Modelli alternativi alla civiltà del consumo, che degrada l’ambiente a volte in modo irreversibile, stanno nel riutilizzare tutto, non generando scarti e rifiuti irrazionalmente, nell’uso parco delle risorse, nel riciclo intelligente dei materiali. Vanno recuperati modelli di sviluppo alternativi. Al fondo sta l’economia del dono, che ribalta tutte le premesse utilitaristiche dello scambio, mentre si devono privilegiare tutte le esperienze di economia comunitaria a riforma del capitalismo.
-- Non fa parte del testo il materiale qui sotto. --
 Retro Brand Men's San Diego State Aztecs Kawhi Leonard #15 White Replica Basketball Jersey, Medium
Per quanto concerne l’Italia è d’estrema attualità al momento curare i rimedi all’elevato rischio idrogeologico, che investe i nostri Comuni per il 7,1% del territorio nazionale (si tratta di ben 5.708 centri interessati su 8.101). Alla ribalta Piemonte, Liguria, Toscana, Umbria, Calabria, Valle d’Aosta. L’erosione costiera incide fortemente in termini di perdita di superficie e predispone alle calamità. Le regioni più interessate sono Puglia, Basilicata e Molise, mentre il fenomeno è minore in Emilia Romagna, Veneto e Friuli. Si notano abbassamenti del suolo in forma lenta e graduale con fenomeni di subsidenza o in forma repentina e catastrofica.
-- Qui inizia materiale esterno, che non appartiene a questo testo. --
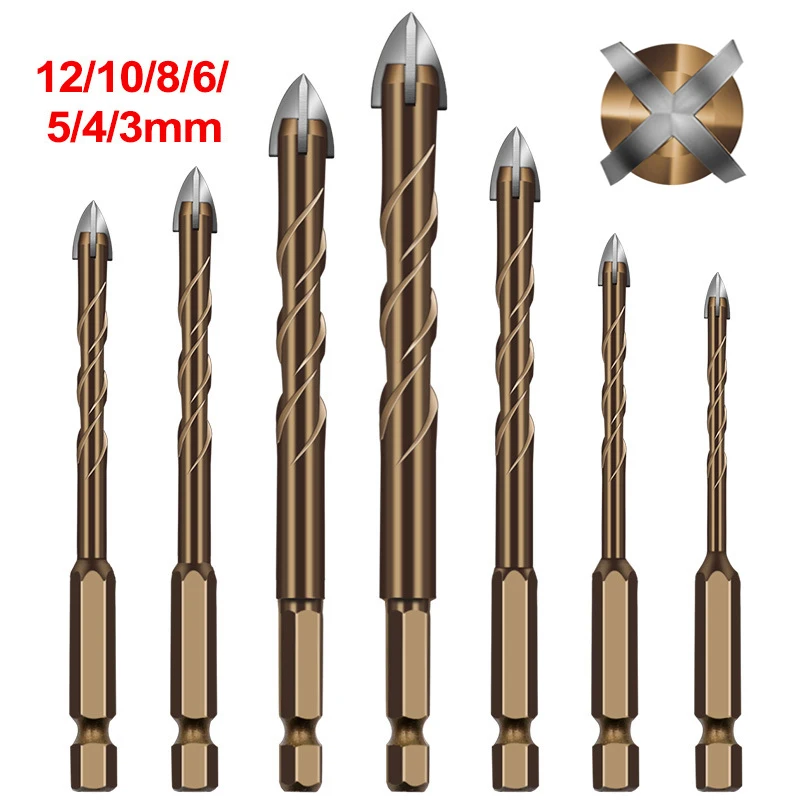 7pcs/set Carbide Cross Bits 3-12mm Hex Shank Spiral Fluted Four Edge Drill Set for Cement Wood Ceramic Marble Glass Drilling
Da una parte stanno movimenti tettonici e l’estrazione di fluidi dal sottosuolo, dall’altra doline di crollo, sprofondamenti o camini di collasso. Si aggiungono le frane (dal quindicesimo secolo alla fine del ventesimo si è assistito a 996 eventi, distribuiti su una superficie di 20.721 kmq con 12.141 vittime o dispersi). Infine le alluvioni: Polesine (1951), Arno (1966), bacino del Po intero (1994 e 2000), con tutte le conseguenze (trasporto di materiale solido, inquinanti, mancanza di acqua potabile e così via).

Il problema più rilevante da discutere è: che futuro vogliamo? Quali responsabilità assumere verso le generazioni future?